You are correct that both models are returning the parameter set (s^2,D) and that if you want t^2 and p, you would have to solve for them.
I don't know why you call the parameter set (t^2,p) the "true CS parameters". The set (t^2,p) conforms to one parameterization of a compound symmetric residual covariance structure if you project t^2 on to the diagonal and p*(t^2) onto the off-diagonal terms of the covariance matrix..
You might note in this phrase that we are dealing with a covariance matrix. The parameter p is not directly observed in the variance/covariance matrix. Rather, the value of p for a particular row and column is the ratio of an off-diagonal covariance term to the square root of the product of the two variances indexed by the pairs (row,row) and (column,column). In a compound symmetric matrix, the diagonal terms are all the same (t^2) and the off-diagonal terms are all the same. Because the diagonal terms are a constant (the sum of the variance of the means and the variance about the means) and the off-diagonal terms are a constant (the variance of the means), the correlation of any two observations from a given subject is constant.

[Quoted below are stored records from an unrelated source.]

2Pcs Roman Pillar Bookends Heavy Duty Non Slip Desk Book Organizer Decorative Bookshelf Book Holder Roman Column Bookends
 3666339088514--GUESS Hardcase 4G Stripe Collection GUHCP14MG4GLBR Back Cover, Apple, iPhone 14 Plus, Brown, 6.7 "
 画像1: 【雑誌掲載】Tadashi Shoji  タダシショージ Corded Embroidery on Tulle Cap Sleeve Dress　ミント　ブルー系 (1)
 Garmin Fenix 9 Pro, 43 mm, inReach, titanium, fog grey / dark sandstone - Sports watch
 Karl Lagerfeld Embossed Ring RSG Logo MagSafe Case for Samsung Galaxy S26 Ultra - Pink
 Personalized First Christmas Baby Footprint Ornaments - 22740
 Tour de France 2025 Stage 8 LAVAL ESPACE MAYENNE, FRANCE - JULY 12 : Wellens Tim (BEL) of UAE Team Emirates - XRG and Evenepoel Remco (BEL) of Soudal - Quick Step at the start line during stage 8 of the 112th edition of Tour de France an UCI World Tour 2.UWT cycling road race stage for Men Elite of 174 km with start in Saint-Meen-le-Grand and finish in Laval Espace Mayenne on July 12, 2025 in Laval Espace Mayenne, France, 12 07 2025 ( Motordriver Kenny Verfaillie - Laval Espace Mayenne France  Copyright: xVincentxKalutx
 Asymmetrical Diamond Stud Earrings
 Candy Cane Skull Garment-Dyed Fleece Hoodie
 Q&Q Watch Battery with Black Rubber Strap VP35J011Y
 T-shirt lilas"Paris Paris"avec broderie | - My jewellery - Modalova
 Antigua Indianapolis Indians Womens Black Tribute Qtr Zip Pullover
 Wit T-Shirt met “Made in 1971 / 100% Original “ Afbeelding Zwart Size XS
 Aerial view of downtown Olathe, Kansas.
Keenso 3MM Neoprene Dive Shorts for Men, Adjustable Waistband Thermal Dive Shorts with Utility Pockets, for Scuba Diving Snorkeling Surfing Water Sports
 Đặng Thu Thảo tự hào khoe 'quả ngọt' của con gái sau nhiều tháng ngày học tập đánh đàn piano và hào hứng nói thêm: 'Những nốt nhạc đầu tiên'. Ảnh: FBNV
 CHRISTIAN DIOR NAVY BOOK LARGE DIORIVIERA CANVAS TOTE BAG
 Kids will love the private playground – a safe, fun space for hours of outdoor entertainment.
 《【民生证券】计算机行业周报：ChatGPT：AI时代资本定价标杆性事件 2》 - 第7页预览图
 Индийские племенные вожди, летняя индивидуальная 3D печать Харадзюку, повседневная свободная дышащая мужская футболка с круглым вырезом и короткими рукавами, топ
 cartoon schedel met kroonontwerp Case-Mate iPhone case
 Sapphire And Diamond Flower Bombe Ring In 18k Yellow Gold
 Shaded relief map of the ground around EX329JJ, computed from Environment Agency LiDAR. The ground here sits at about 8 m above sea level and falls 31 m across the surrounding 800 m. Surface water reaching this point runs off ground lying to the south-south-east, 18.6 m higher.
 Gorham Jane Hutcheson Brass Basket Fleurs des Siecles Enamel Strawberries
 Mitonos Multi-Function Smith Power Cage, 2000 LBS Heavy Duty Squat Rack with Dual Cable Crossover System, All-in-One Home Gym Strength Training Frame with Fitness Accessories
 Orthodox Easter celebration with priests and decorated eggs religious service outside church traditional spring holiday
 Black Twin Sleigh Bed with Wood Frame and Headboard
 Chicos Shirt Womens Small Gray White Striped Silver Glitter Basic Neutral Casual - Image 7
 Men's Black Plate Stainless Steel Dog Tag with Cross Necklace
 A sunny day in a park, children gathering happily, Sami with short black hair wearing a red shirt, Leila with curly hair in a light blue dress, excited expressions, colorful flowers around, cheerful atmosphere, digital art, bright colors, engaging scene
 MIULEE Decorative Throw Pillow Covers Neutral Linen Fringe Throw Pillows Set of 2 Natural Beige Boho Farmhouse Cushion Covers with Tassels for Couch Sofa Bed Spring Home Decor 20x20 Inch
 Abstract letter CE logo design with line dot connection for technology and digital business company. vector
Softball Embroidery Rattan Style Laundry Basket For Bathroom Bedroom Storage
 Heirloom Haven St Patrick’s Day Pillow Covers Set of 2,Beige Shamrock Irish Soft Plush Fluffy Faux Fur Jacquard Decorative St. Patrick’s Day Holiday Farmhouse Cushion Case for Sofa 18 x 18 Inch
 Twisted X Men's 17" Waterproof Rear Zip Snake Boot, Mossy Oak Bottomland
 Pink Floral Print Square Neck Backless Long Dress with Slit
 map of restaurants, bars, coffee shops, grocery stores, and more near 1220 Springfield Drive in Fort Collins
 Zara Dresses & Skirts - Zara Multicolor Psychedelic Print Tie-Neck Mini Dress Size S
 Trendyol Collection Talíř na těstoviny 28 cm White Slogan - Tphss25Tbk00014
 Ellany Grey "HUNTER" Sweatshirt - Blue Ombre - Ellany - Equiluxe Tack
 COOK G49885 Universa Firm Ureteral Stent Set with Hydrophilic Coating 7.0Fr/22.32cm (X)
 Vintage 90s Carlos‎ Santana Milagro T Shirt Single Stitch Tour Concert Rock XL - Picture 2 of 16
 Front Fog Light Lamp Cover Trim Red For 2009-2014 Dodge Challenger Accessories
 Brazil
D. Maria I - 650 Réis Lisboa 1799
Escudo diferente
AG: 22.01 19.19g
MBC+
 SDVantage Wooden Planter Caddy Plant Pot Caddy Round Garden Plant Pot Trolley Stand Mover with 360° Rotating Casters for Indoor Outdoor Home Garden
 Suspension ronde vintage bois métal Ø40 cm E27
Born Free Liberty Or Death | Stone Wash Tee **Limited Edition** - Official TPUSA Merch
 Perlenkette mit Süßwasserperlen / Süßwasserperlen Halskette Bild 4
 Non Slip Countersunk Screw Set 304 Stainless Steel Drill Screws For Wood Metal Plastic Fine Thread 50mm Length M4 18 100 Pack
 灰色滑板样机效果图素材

But you observe that we are defining p in terms of variances. I would say that the parameterization which SAS employs for a compound symmetric covariance structure is the natural parameterization. (Note the avoidance of the term "true parameterization.")
By the way, it is probably quite rare that one would encounter a compound symmetric error structure when modeling longitudinal data. It is possible - but not likely. Observations which are adjacent in time would typically have a stronger correlation than observations which are distant in time.